Minnesota Bishops’ ‘Good Example’

In Minnesota, Democratic Gov. Tim Walz stated Saturday that “deeming houses of worship essential services” was “up for debate in this country.” However, he did allow limited public worship gatherings, but only after the bishops of Minnesota said that they would defy his restrictive order against such gatherings. Public Masses will resume at one-fourth of church capacity.

“The Catholic bishops of Minnesota believe that the previous limitation on faith-based gatherings to 10 people unreasonably burdened the Church’s ability to fully meet the sacramental needs of our faithful,” Archbishop Bernard Hebda said in a May 23 letter on the matter.
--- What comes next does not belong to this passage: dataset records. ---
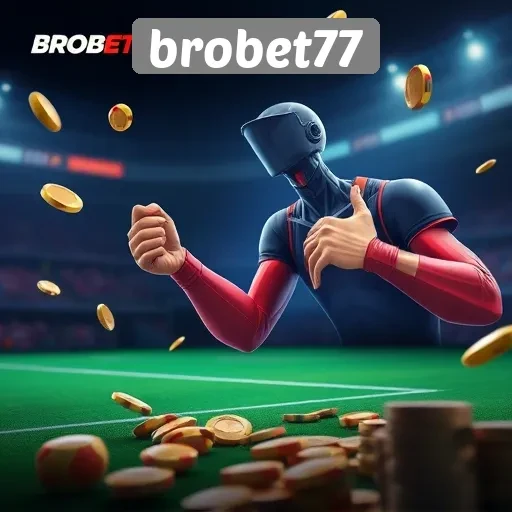 Promosi dan Bonus Menarik di Brobet77 untuk Pemain Baru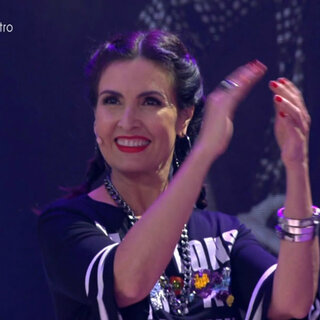 Famosos: Ao lado de Ludmilla, Fátima Bernardes arrasa dançando funk no "Encontro"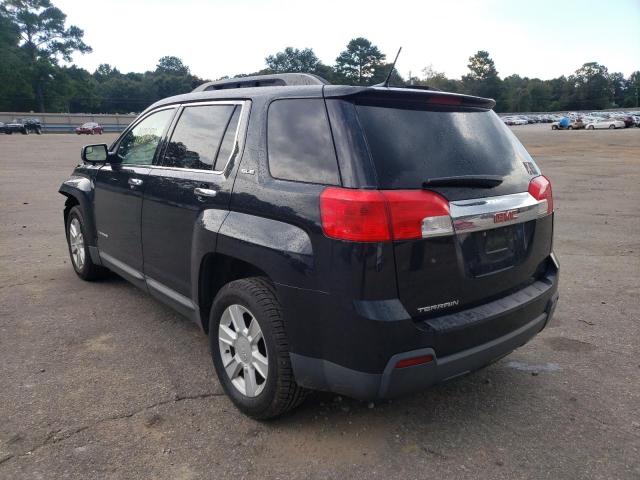 Photo 3 from auction – 2013 GMC TERRAIN SL with VIN 2GKALSEK8D6270290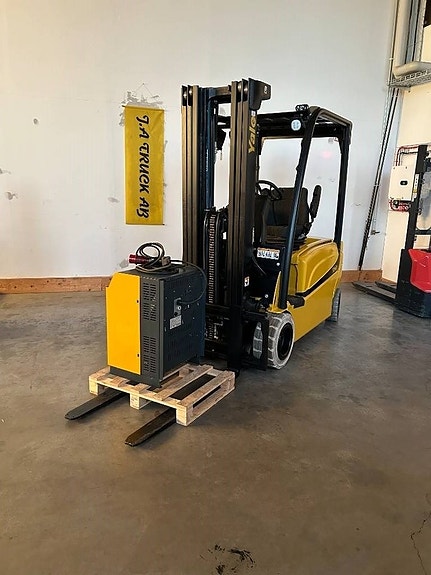 Yale ERP 18 VF. Motviktstruck el 2 of 2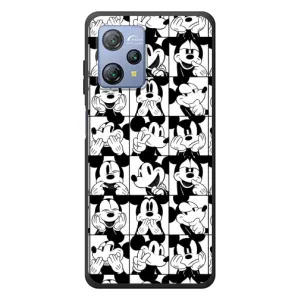 Чехлы с принтом Микки Маус на Blackview A53 Pro (Коллаж Микки Маус)
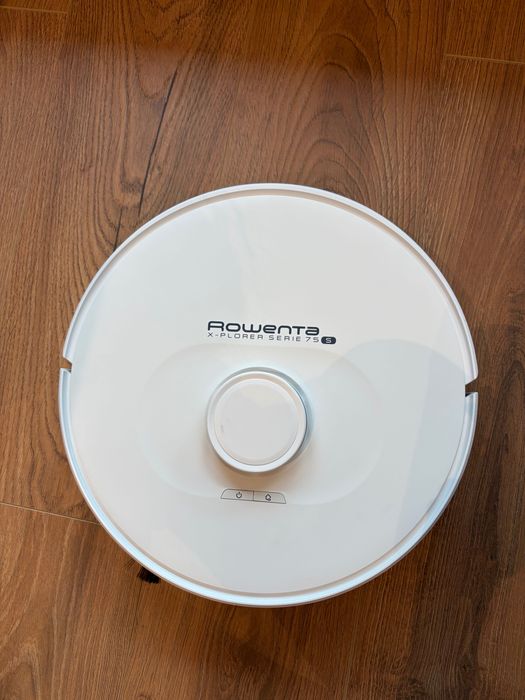 Робот прахосмукачка Rowenta X-Plorer S75S модел: RR8577WH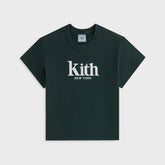 Kith Women Mulberry New York Vintage Tee - Stadium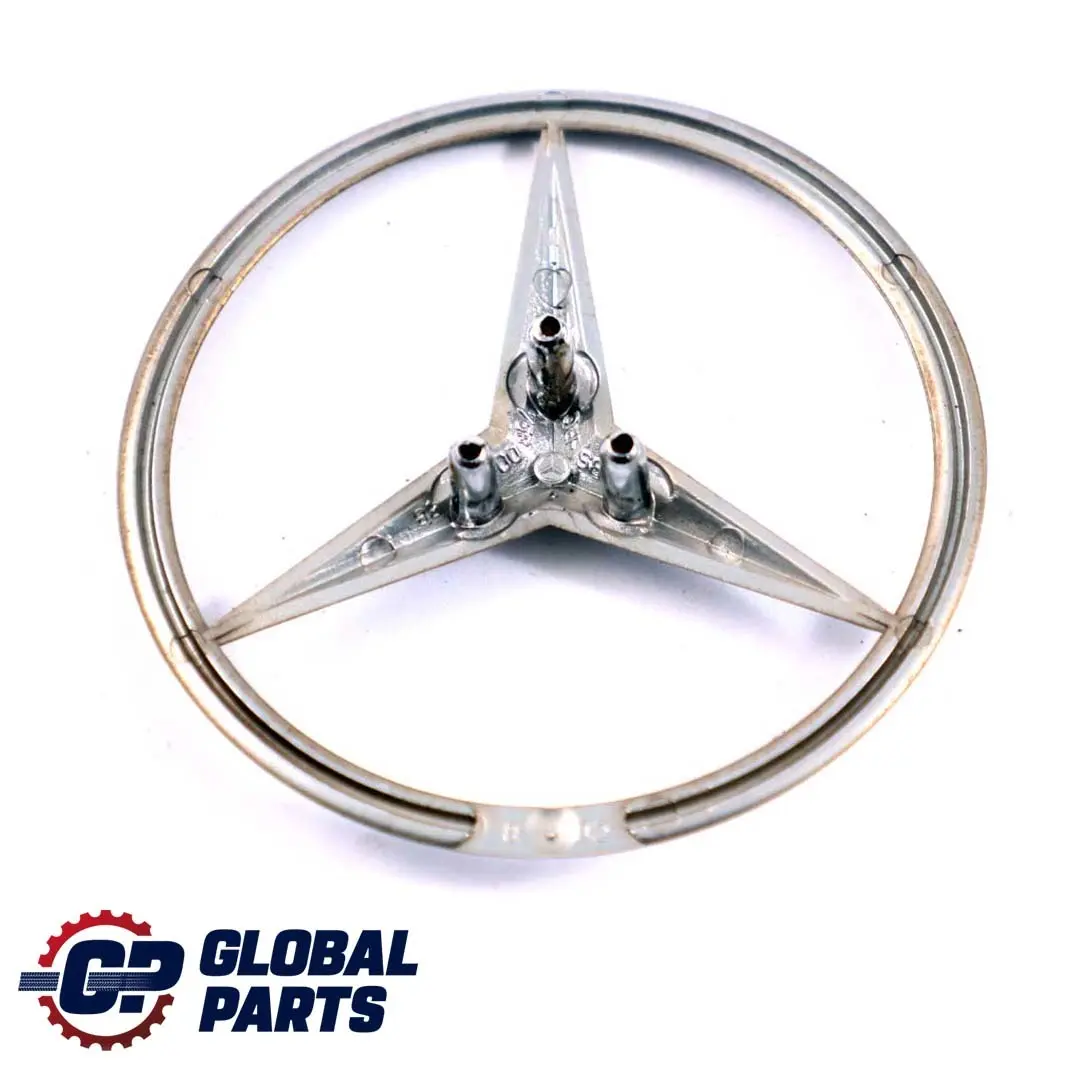 Mercedes-Benz E-Class W210 Rear Trunk Lid Star Emblem Logo Badge to with Part number A2107580058 Mercedes-Benz E-Class W210 Rear Trunk Lid Star Emblem Logo Badge - SKU A2107580058 - Part number A2107580058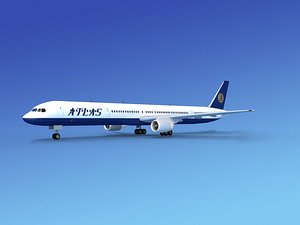 airline boeing 757 757-300 max
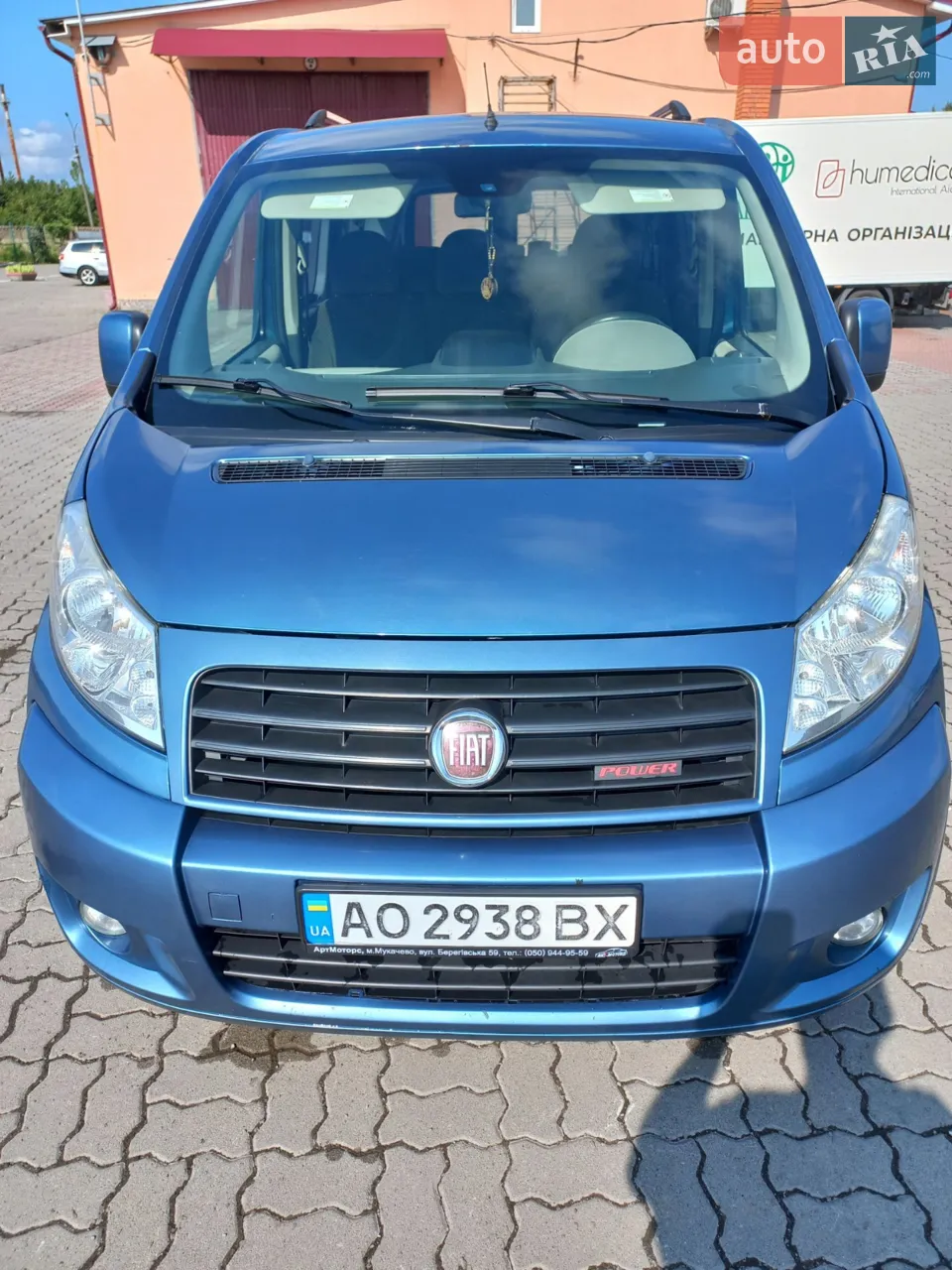 2011 Fiat Scudo - мініатюра 18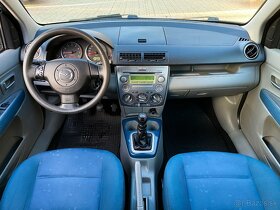 Mazda 2 1.3i benzín 55kw len 160tis km Nová STK - 7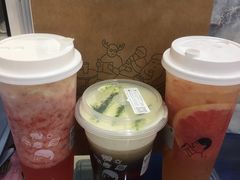 -喜茶(上海正大广场店)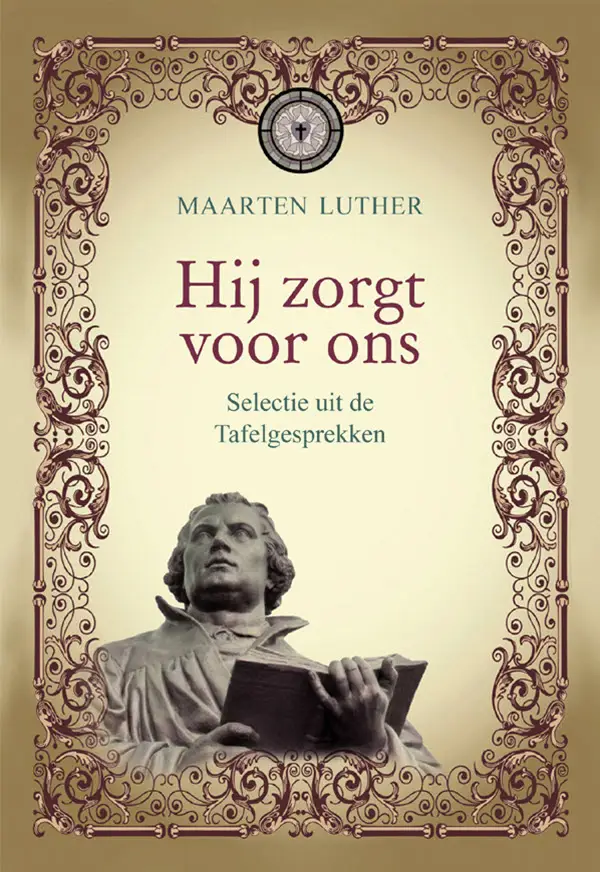 Hij zorgt voor ons - eBoek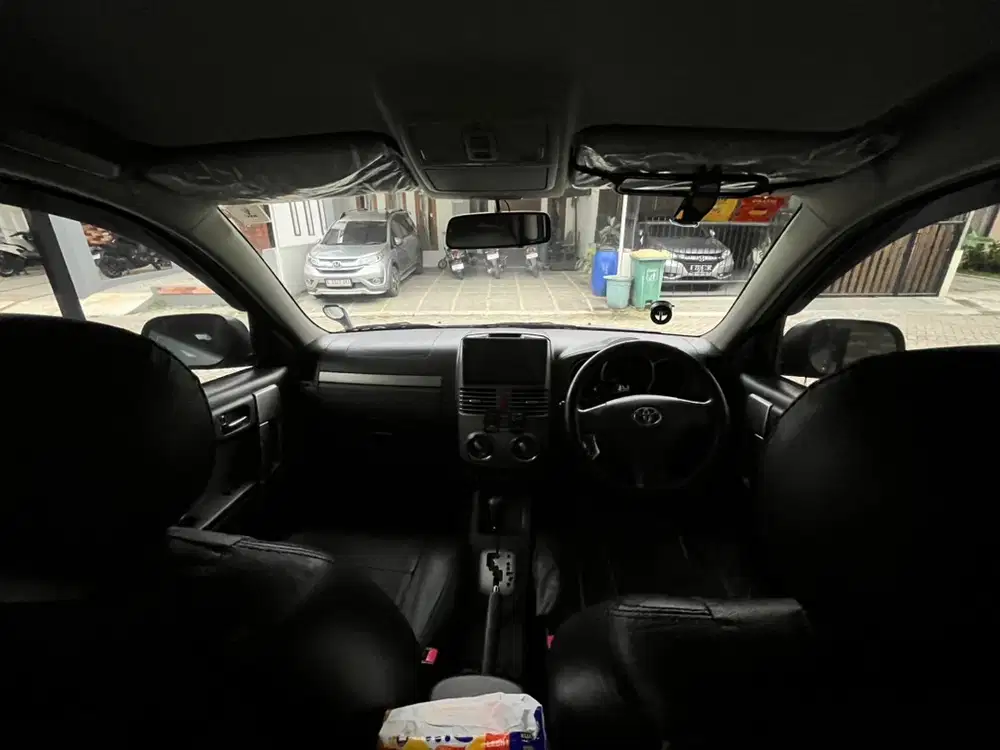 Toyota Rush 2015 Bensin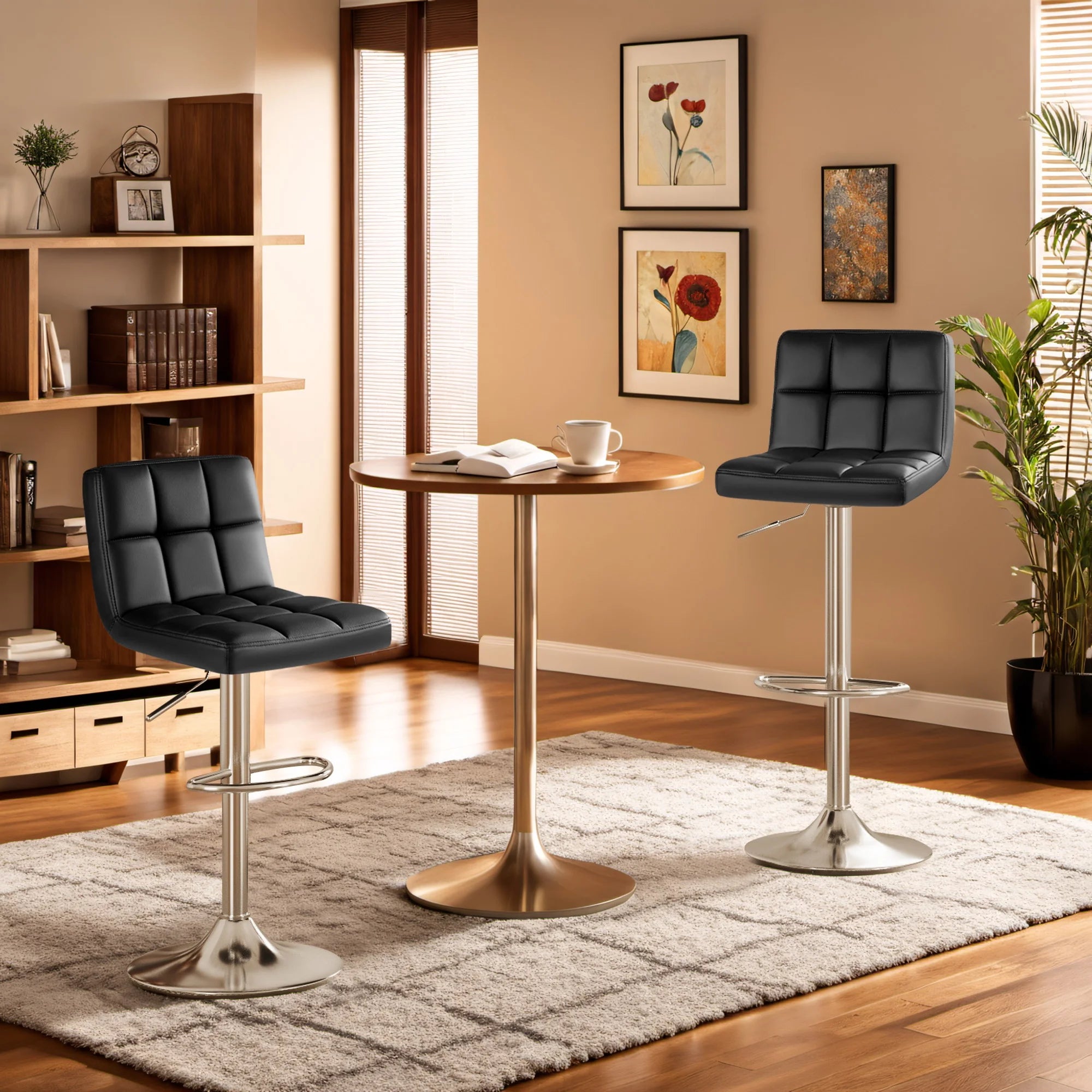 homall-bar-stool-barhocker-wei-drehbar-h-henverstellbar image 8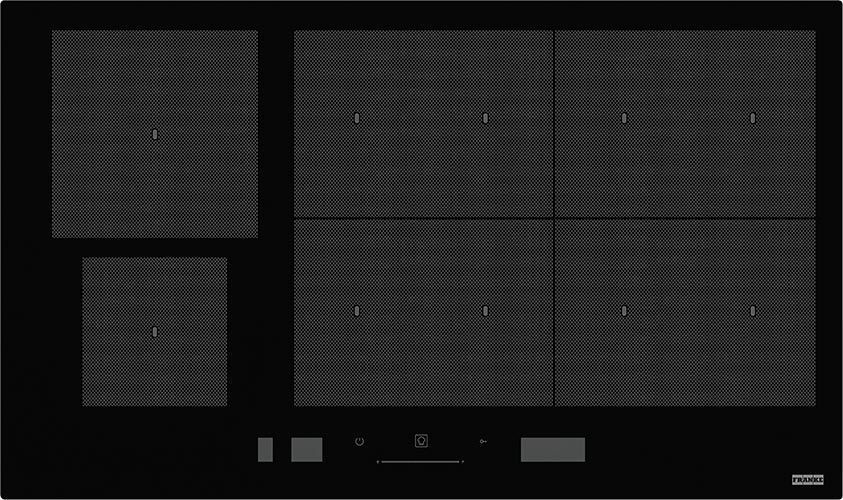 FRANKE FMY 906 I FP BK BLACK GLASS MYTHOS İNDÜKSİYONLU OCAK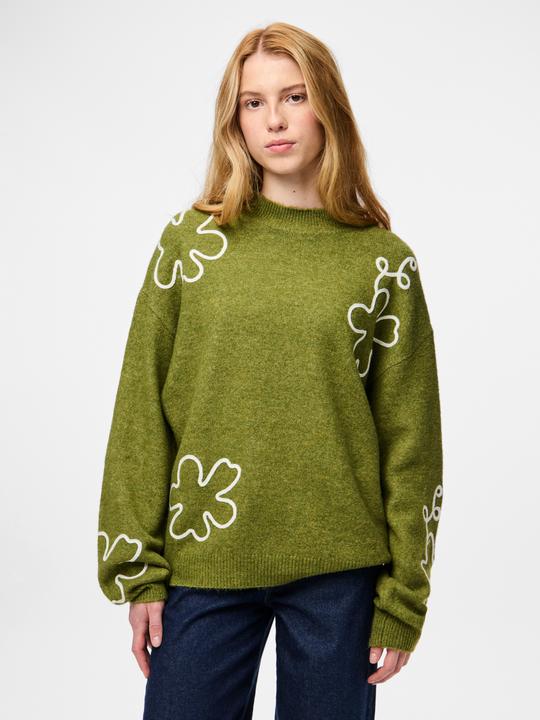 Actual product image Pieces PCROSA Strickpullover (L)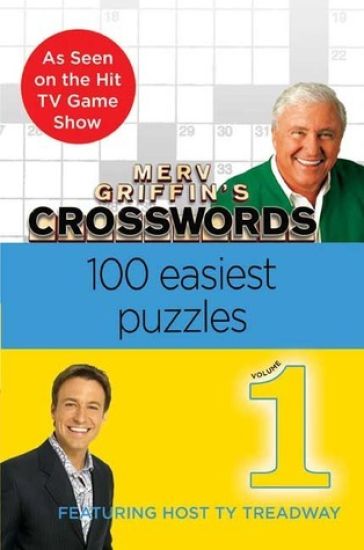 Merv Griffin's Crosswords Volume 1: 100 Easiest Puzzles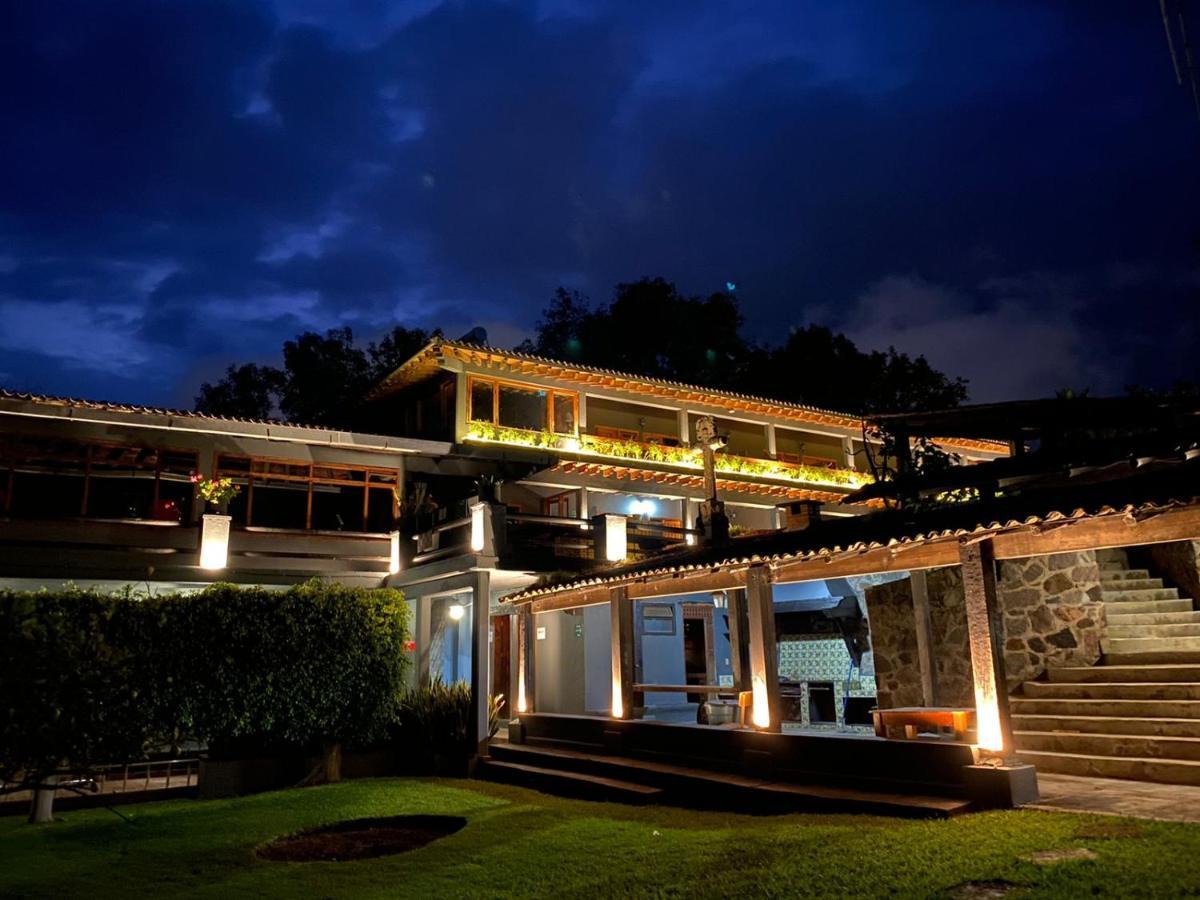 Hotel Organico Boutique Valle de Bravo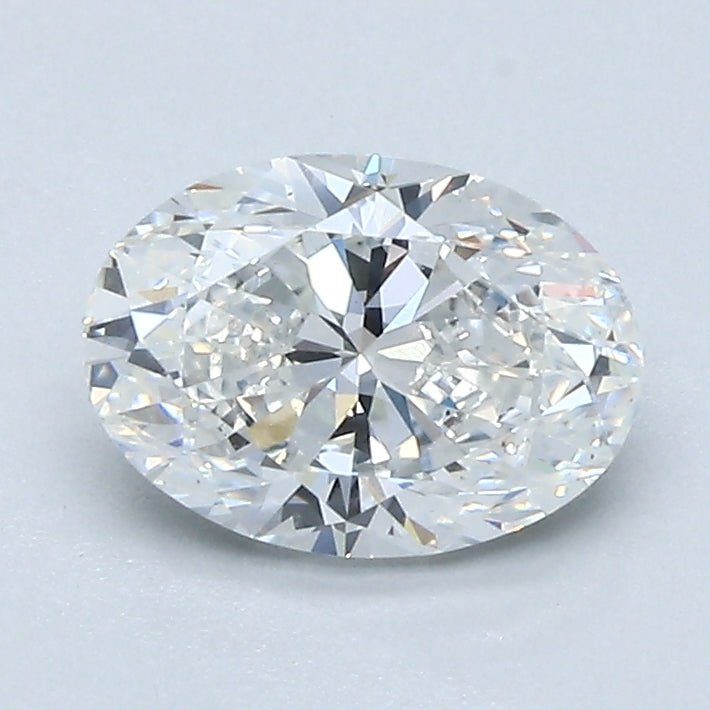 1 Carat Natural Diamond - OVAL - Diamonds By Rothschild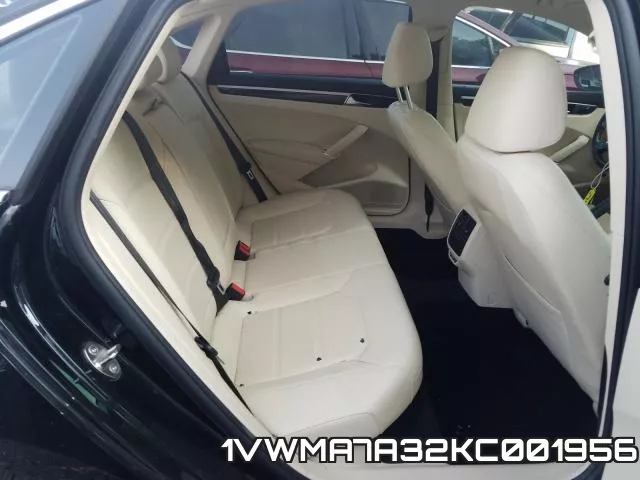 1VWMA7A32KC001956 фото 7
“As allowances were made for other, less essential activities, it seemed to many that the life of faith was receiving unequal treatment,” he continued. “The new executive order removes that unreasonable burden on the Church and allows us to bring the Eucharist, the food of everlasting life, to our community.”

Robert George, the McCormick Professor of Jurisprudence at Princeton University and former chairman of the U.S. Commission on International Religious Freedom (USCIRF), told the Register that “constitutionally, the governors and other state officials are required to be evenhanded and fair in their treatment of different entities whether those are businesses or churches and other houses of worship.”

“There’s a legitimate place for DOJ involvement supporting the churches,” added George, who is Catholic. “There’s a legitimate role for the president in using his bully pulpit and speaking out on behalf of constitutional principles.”

He praised the “good example” of the Minnesota bishops, saying that “the best way to defend your rights is to exercise them and especially to exercise them when they are being violated and to exercise them in defiance of those who are unconstitutionally violating them.”

In that case, he said, “there was a clearly discriminatory treatment of churches, the bishops understood this, and they simply defied an illegal order, an unconstitutional order. Now, something like that should never be done lightly but this was a case where it was clear.”

Bishops in other states faced with similarly unjust restrictions “should demand equal treatment,” George said, “not special treatment but equal treatment so if the liquor store is open, the church has to be allowed to open.”

Lauretta Brown is the Register’s Washington-based staff writer.